The plan seemed simple enough but the ravine proved longer than I expected. I felt my way through deep cutbanks, under and over downfall, across boulders buried in the creek bed, around spurs and along washed-out slopes. Luckily, the autumn had been dry and almost no water lay in the sandy creek bed. The temperature was now beginning to drop and though I was dripping with sweat from all this bushwhacking, I was glad to have on my polypro zippered turtleneck. But my flannel shirt and fleecy-cotton blend running jacket were light and it began to cross my mind that my gear posed a threat should my progress be interrupted by unforeseen injury.

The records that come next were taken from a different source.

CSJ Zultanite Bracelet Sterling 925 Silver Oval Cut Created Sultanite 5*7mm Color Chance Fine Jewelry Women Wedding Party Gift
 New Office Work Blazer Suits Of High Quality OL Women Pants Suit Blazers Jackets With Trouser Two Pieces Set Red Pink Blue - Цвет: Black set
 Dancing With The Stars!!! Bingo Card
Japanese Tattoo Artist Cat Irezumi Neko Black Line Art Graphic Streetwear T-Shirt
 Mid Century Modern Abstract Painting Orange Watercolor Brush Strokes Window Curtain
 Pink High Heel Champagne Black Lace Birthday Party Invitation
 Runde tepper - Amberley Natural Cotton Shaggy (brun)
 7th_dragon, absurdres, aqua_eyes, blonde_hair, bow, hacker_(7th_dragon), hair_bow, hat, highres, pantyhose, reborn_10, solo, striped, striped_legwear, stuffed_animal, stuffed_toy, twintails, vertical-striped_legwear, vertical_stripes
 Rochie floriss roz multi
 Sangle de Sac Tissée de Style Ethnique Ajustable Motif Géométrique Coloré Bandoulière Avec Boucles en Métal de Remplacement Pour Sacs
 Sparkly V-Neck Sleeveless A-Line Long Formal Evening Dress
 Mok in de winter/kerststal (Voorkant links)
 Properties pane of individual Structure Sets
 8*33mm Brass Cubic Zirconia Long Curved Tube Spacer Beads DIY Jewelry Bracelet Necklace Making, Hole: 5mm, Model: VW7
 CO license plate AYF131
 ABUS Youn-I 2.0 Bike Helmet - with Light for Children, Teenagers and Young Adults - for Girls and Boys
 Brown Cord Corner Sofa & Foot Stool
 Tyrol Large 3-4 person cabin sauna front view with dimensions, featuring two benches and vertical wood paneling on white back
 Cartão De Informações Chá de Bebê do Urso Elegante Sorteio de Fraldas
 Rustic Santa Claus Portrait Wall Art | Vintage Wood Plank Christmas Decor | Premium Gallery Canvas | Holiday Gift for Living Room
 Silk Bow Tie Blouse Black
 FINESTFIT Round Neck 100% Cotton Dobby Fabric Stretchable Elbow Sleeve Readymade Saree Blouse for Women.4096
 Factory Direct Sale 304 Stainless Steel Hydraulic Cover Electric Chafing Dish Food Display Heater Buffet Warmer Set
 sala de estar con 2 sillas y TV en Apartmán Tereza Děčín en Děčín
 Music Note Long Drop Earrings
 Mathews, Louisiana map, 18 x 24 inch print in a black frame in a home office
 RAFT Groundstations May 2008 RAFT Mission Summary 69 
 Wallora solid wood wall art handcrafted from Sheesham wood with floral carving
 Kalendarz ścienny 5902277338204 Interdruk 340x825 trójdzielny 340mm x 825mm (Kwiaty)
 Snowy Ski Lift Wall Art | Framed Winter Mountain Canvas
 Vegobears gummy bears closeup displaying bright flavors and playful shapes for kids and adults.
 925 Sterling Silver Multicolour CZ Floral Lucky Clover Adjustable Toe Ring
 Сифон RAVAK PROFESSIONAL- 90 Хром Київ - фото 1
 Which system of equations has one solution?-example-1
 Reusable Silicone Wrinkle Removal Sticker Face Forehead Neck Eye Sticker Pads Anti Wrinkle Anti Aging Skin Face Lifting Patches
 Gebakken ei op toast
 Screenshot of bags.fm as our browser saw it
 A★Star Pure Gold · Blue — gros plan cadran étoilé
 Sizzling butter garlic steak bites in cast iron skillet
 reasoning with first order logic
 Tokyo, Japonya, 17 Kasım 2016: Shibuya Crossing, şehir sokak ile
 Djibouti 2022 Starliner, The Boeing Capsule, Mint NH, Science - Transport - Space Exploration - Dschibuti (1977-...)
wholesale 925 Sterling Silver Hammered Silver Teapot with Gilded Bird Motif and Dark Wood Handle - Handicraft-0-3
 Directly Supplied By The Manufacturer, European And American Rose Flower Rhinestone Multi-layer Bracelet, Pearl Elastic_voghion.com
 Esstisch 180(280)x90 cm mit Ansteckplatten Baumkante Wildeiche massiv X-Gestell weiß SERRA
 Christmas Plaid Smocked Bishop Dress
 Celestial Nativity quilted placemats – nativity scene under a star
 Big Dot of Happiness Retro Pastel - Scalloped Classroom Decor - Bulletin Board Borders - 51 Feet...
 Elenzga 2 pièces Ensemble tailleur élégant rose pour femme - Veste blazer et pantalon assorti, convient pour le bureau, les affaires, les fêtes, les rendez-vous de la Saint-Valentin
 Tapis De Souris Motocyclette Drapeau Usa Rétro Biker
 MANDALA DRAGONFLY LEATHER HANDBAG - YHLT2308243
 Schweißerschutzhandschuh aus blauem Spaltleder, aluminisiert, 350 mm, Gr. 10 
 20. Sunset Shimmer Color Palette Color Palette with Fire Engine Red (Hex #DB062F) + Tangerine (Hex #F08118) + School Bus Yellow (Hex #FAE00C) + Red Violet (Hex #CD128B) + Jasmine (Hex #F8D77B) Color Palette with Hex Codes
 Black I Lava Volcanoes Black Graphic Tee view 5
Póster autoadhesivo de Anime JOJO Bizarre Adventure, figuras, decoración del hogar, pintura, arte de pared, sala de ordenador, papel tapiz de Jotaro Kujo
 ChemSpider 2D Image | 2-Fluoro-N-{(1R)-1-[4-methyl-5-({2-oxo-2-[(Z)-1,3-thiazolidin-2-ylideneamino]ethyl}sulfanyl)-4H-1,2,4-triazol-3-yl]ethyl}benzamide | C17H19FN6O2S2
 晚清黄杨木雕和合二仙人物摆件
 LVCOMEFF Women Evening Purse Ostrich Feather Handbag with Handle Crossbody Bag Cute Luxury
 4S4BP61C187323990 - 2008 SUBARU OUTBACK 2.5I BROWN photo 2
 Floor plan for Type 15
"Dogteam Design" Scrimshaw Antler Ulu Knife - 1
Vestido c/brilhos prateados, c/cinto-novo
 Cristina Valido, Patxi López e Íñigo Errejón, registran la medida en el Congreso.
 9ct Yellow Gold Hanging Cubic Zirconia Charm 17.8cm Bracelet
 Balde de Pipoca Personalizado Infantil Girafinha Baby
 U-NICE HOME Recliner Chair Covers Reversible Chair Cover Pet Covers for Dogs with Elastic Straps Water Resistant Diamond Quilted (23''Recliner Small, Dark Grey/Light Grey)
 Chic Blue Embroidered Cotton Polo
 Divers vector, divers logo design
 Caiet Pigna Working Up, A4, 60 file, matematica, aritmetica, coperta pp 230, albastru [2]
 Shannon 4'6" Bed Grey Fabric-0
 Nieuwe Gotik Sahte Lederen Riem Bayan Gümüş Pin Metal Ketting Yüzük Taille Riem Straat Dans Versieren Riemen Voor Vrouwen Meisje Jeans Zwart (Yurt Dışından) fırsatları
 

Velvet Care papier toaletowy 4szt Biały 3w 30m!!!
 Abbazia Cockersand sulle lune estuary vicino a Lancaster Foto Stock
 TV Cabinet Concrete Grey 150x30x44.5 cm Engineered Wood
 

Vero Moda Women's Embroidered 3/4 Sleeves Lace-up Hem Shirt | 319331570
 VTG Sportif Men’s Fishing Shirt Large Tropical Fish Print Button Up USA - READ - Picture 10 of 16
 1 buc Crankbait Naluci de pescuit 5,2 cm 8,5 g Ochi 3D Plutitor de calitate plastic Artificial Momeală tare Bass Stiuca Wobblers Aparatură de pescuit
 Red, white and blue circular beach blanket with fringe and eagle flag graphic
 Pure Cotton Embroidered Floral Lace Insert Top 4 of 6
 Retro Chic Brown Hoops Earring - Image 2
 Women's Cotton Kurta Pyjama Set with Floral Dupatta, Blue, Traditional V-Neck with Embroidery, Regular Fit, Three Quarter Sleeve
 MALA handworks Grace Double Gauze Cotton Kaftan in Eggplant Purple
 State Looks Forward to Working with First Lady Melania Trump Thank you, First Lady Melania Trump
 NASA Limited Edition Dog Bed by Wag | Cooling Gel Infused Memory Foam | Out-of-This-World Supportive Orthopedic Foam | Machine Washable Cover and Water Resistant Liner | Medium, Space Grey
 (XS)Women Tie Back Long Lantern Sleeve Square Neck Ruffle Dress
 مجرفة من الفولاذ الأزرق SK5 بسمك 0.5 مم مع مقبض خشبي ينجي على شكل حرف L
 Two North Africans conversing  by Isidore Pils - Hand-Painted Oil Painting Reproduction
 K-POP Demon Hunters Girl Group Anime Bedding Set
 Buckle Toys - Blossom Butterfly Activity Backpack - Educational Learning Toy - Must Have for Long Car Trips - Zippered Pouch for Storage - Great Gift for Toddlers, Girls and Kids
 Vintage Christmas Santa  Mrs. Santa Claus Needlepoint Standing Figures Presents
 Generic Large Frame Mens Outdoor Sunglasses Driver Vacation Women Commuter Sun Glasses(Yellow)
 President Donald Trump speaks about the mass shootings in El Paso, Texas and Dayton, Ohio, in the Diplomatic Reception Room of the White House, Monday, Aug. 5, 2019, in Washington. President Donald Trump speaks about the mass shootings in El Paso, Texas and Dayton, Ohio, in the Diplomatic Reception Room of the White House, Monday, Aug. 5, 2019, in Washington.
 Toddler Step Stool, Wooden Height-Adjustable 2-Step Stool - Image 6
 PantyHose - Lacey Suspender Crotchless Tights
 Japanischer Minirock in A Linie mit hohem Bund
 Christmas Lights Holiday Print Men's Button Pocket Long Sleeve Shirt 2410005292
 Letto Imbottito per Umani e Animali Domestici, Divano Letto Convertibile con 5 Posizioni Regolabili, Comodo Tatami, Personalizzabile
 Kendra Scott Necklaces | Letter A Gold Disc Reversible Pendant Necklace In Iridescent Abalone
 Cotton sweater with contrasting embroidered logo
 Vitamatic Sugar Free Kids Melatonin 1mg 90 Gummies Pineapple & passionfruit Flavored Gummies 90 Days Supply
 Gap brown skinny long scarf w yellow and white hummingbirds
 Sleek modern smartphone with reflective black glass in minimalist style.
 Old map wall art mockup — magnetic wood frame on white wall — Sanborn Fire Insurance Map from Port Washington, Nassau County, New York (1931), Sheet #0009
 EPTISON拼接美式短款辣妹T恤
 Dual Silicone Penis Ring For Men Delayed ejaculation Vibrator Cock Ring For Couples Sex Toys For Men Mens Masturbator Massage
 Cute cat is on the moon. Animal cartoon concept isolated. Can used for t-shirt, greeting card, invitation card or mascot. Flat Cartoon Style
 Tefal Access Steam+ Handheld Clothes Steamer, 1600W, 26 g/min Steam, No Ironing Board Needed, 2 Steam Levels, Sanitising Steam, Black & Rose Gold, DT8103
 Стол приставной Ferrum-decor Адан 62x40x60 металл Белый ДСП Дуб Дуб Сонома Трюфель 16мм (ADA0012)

None too soon, I came to the mouth of the dry ravine and encountered Seven Mile Creek just as I intended. The only problem was that the ravine ends in a canyon with vertical sandstone on all sides but one, the one across the creek. Deep or not, I was ready to ford the creek. Fortunately, boulders, somewhat shallow water, and a few overhanging branches for balance made my departure from the canyon relatively uneventful. But as one final insult, I had to cross one of those hummocky horsetail sloughs that I had noticed earlier. However, within a few hundred feet I came to a recognizable portion of loop #8.

Then in moon-lit splendor, I followed the trail to the picnic grounds and crossed a grassy field to where I had parked my car. I turned around to take a last glance up the valley from whose borne I had just come. In the moonlight, the whole scene echoed of places far to the west. One thing is for certain, I plan to go back to loop #9 and find out where and how I had lost that trail.